Elle ne date pas d’hier ! Mon éducation familiale y est pour beaucoup. Mon père est enseignant et ma mère a été fonctionnaire. Ils nous ont toujours encouragés à être libres, sans jamais nous obliger à suivre leur voie. J’ai aussi grandi avec une grand-mère qui était une féministe d’avant-garde. Pas une “burning-bra feminist”, bien sûr, mais elle nous encourageait à nous faire belles et à nous affirmer en même temps qu’elle nous décourageait à passer la journée dans la cuisine. Cet encadrement m’a beaucoup apportée, parce que j’avais la liberté de penser et d’agir. Plus tard, j’ai aussi eu le support de mon mari. Même s’ils n’étaient pas toujours d’accord  avec moi, ils m’ont accompagnée dans mon besoin d’exprimer haut et fort qui je suis et ce en quoi je crois.

Par rapport à certains sujets que je souhaitais aborder, mes parents m’ont parfois mise en garde, mais à aucun moment ils ne m’ont forcé la main. J’essaie d’être prudente mais, par moments, c’est plus fort que moi, je me dis qu’il faut réagir. Il ne faut pas laisser une poignée de gens accaparer la pensée des autres.

Quand et comment l’écriture est-elle venue se greffer à ce besoin d’expression ?

Je dirais que mon parcours est typique et atypique à la fois. Après le collège, j’ai entamé une licence en anglais à l’Université de Maurice, puis j’ai rencontré mon mari, qui vivait en Irlande à l’époque.
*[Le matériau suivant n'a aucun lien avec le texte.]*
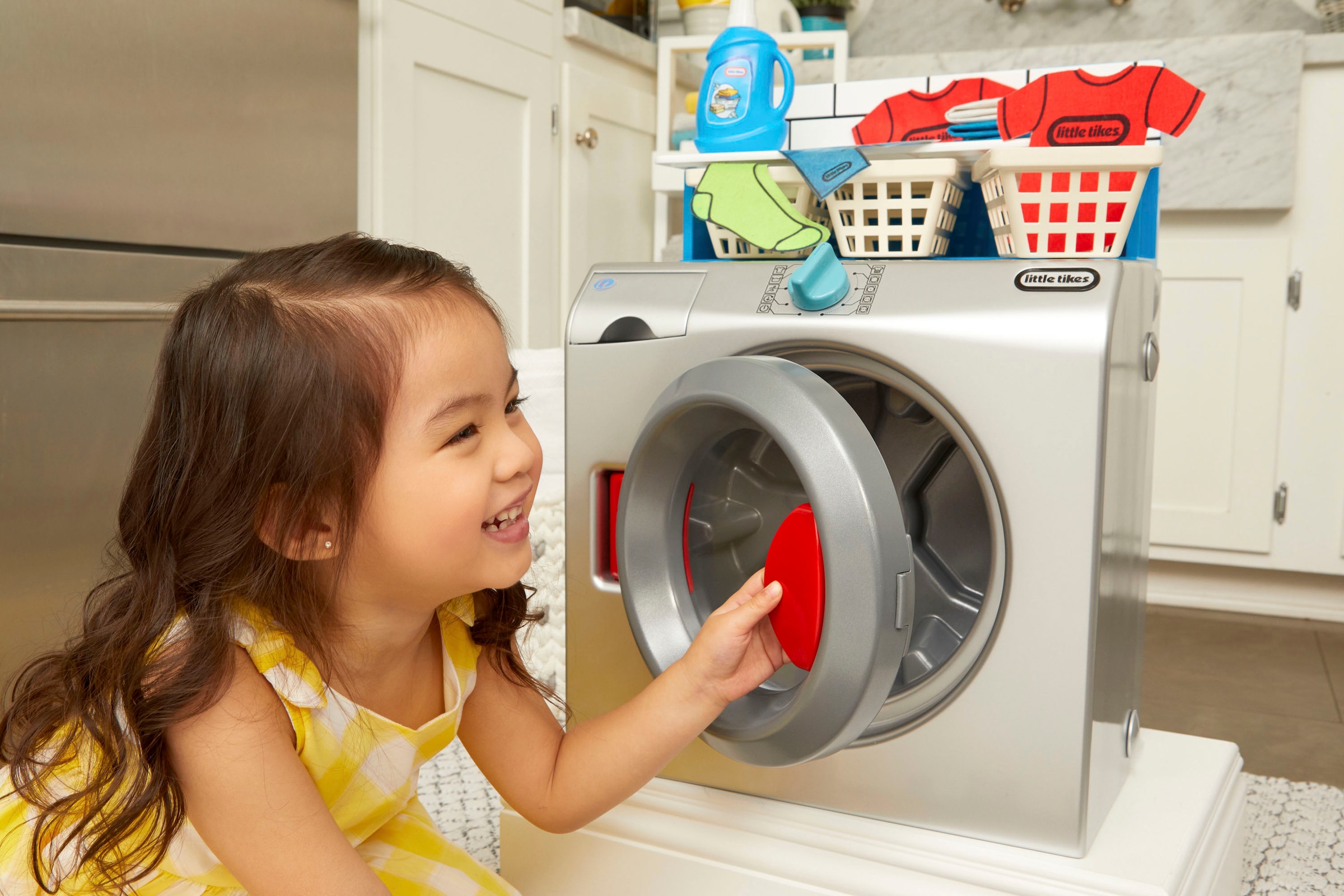 Little Tikes® Kinder-Waschmaschine »First Washer-Dryer«, mit Trockner; mit Licht und Sound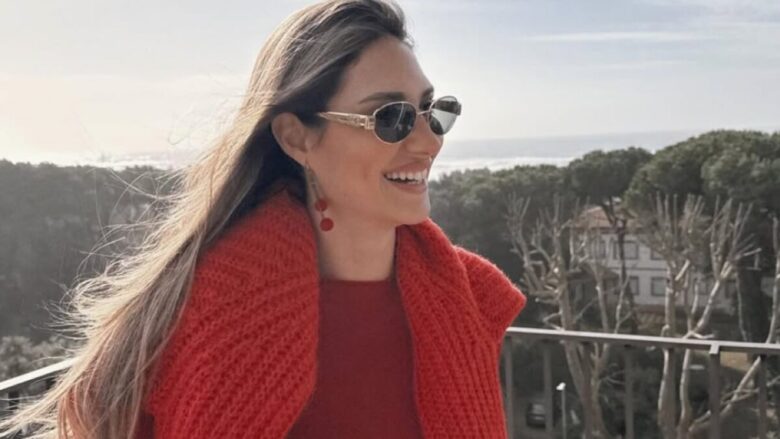 Beatrice Valli con questo iconico Look fa impazzire le fan (FOTO)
Nous nous sommes mariés et je l’y ai rejoint. Là-bas, j’ai fait des études en psychologie, j’ai eu mes trois enfants et je suis devenue mère au foyer faute d’un visa pour travailler. En 2011, le meurtre de Michaela Harte a fait polémique. Ça a été une période très particulière. J’entendais tout ce qui se disait sur mon pays et, après avoir écouté une émission à la radio où les Irlandais racontaient leurs expériences à Maurice, j’ai eu envie d’écrire quelque chose dessus pour la presse mauricienne. J’avais déjà écrit des articles çà et là et j’ai saisi cette occasion pour envoyer mon papier à plusieurs journaux. C’est suite à ça que Le Mauricien m’a contactée pour que je contribue davantage.

L’écriture m’a aidée à me découvrir. J’ai réalisé que j’avais la capacité à poser mes idées sur papier et à les voir prendre forme. Les réactions et les critiques m’ont aidée à me parfaire et m’ont encouragée à obtenir un diplôme en journalisme. Je me suis découverte grâce à l’écriture, mais elle m’a aussi fait découvrir la portée des mots et des idées, de même que les rencontres et les discussions qui en découlent. Je me suis rendue compte que je n’étais pas seule.
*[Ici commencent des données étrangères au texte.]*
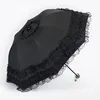 czarne parasole koronki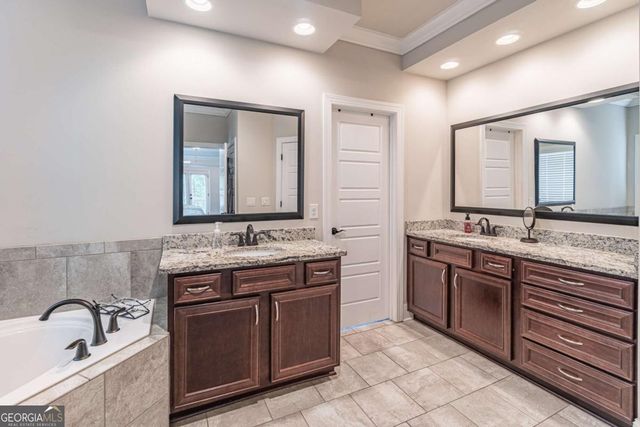 851 Coopers Ridge Path, Grayson, GA 30017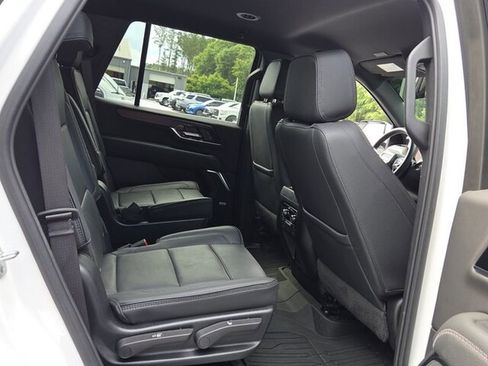 Used 2025 GMC Yukon Denali w/ LPO, Illumination Package RWD image 17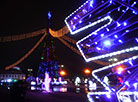 节日氛围：白罗斯城市的新年灯火闪耀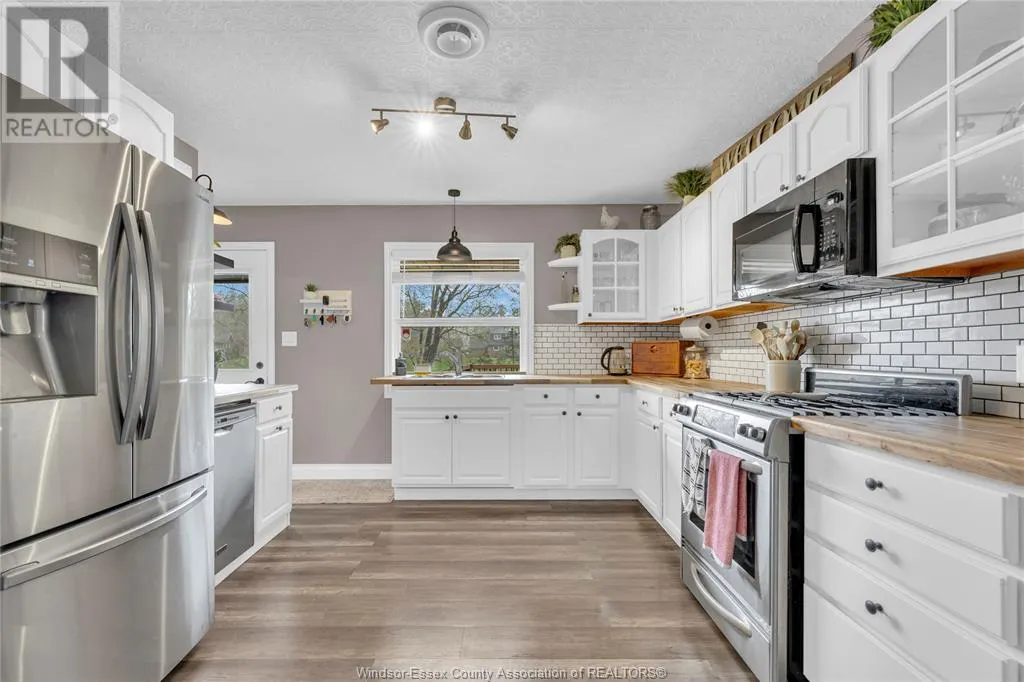 3049 ROWLEY PARK DRIVE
En 2015, j’ai eu la chance d’être sélectionnée pour le “International Visitor Leadership Program” aux États-Unis, sous le thème “Youth Engagement and Civic Participation”. Avec des participants de plusieurs pays, nous avons eu l’occasion de voir comment les jeunes américains sont encouragés à apporter du changement dans leur pays. Nous avons aussi échangé sur notre vision pour nos pays respectifs et j’ai réalisé à quel point notre désir d’éradiquer la corruption et le népotisme pour engendrer la méritocratie, l’égalité et l’implication des jeunes était universel.

Comment s’est passé votre retour à Maurice en 2013, après dix ans en Irlande ?
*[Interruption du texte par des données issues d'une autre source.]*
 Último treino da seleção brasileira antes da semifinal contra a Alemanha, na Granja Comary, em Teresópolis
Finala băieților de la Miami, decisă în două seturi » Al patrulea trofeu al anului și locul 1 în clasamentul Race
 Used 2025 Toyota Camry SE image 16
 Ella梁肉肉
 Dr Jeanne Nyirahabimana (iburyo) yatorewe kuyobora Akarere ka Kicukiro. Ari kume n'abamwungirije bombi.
Quand on est à l’étranger, on a un “bird’s eye view” de Maurice. On connaît le contexte, mais pas la situation. Une fois rentré, on est confronté aux réalités. On voit les choses différemment, avec plus de maturité et de recul. Je suis heureuse d’être revenue, mais l’adaptation n’a pas été si facile !

En Irlande, j’avais vécu une véritable quête identitaire à travers l’écriture et le port du voile. Je me suis demandée comment les gens allaient me percevoir, mais cela m’a aidée à m’affirmer en tant que femme, étrangère et musulmane. J’étais loin de mon cocon, je n’avais plus d’influence familiale ou sociétale. J’apprenais une nouvelle culture, c’était toute une aventure. Et je me suis rendue compte que les expériences que nous vivons sont universelles, même si nous ne les vivons pas de la même manière.

Et les tabous de la société mauricienne dans tout ça ?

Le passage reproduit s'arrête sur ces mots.